I applaud a new commercial application bringing competition to the editor field. But does anyone else think that building exclusively for Mac is a risky strategy? I’m a diehard Apple user and hope I never have to compute in an era when Apple still isn’t producing Macs. But even I see the writing on the wall that Windows is becoming more and more developer-friendly, with VS Code and cross-platform Sublime vastly reducing the friction in moving from MacOS to Windows. Even if the new Coda was heads above the pack, I would be very reluctant to put money and learning/muscle-memory time into a new app that could easily go the way of Textmate after a couple of years.
Keep in mind that Panic has been a Mac-only shop since the early days of the platform, before OS X, back when Apple was viewed as a beleaguered company and Microsoft's dominance of computing was unquestioned.
If they stuck with Apple through all that, I can't see why they'd be worried now.
I can’t see myself doing dev work under Windows at all. Playing games or something else where the OS UI never factors into the experience at all? Sure, but for anything else there are better options.
Some Linux distro seems more likely but I have yet to encounter a DE that gets everything right (for me) right out of the box or anything close to that. A ridiculous amount of config tweaking is required to get things into a state that suits my preferences, and even then there’s tons of stupid little annoyances that I’ll never be able to fix short of forking a bunch of stuff.
Walk into any coffee shop in America and you'll see every hacker inside using a Mac. One or two odd ducks will have some kind of nix ultrabook setup. Even here in SoCal you can go into a Philz and see 5 people coding on a Mac w/ VS Code and Slack open at some time or another.
So I don't think targeting macOS is by any means a bad idea. Based on the echo chamber that is HN you'd think everyone was jumping ship to Surface tablets and WSL but it's really not as common as you think.
I personally have noticed that in the UK the Mac is more of a "fashion computer" to be seen with in the oh-so-trendy coffee shop. Like a handbag.
I'd also question who those people sitting in the coffee shop on a weekday are? Are they a representative sample of professional coders, or are the professional coders actually at work - you know, at the office - rather than hanging out at the coffee shop?
I use a Linux and Mac professionally for coding, and a Windows machine personally for coding. Particularly with Linux running natively on windows now, there isn't really any difference these days apart from the OS's UX IME. Mac laptops are physically nice machines I agree (there is that fashion again!) but I personally find OSX to be a nightmare to use for real work as it seems designed to make multitasking difficult (hiding multiple windows under one icon in the dock, every app sharing the menu bar, beach-balling, touchbar and F- keys, no escape key, no native window layout/arranging/snapping etc etc).
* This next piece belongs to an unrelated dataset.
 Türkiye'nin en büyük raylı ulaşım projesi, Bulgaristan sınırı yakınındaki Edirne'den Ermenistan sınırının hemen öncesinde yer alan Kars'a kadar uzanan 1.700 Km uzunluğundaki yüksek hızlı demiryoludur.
It's great if you are just doing one thing at a time, but start to need to have multiple windows/apps at once and I find it frustrating as hell to deal with, while Win10 and photon or cinnamon on Linux are just fine.
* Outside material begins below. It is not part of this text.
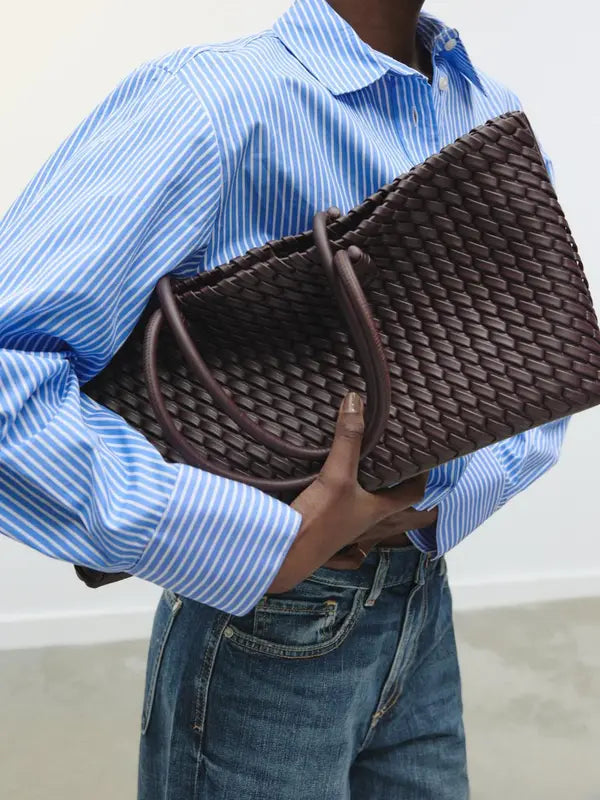 Lindsay | Elegant Woven Design Tote Bag with Ample Space - Lumina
I concur. Though anecdotal I catch a buddy of mine frequently when I drop by Dunkin in a rush and he usually is on a windows laptop watching some esport or getting in some MMO time before work.
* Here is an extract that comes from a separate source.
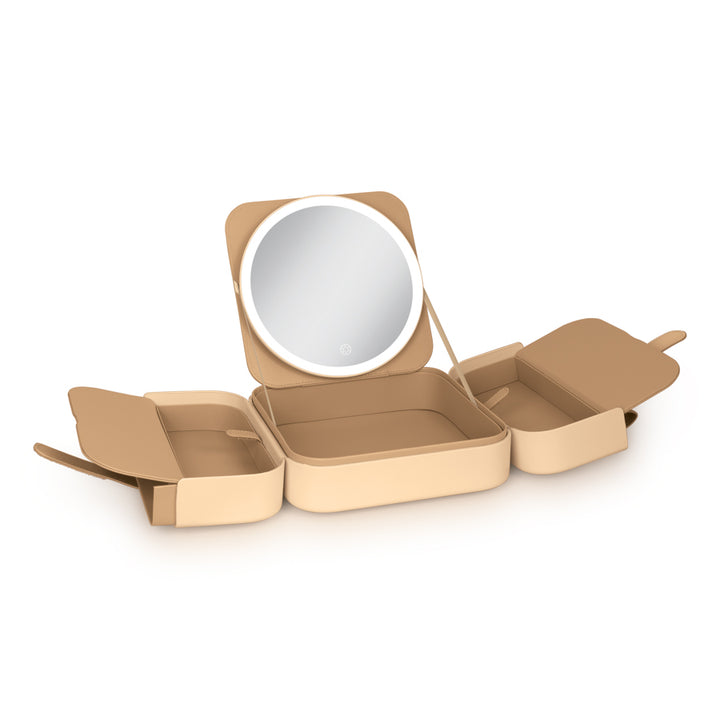 Traveling Makeup Case with LED Lighted Face Mirror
As someone who’s worked on both coasts I can definitely attest to seeing Macs dominate. When I taught at a university I always fretted about making a Windows version of my keyboard-shortcuts/install process guides until the first day and invariably just 1 out of 20 students would be on a non-Mac.
But that’s not the way it is everywhere (was just at a Chicago hack night). And Windows is not only still the dominant base, but Microsoft’s direction is more trending toward in favor of everyday developers than Apple’s.
It’s not just a matter of market viability, but having enough of a user base to create and perpetuate a good ecosystem (e.g. plugin development) around the app.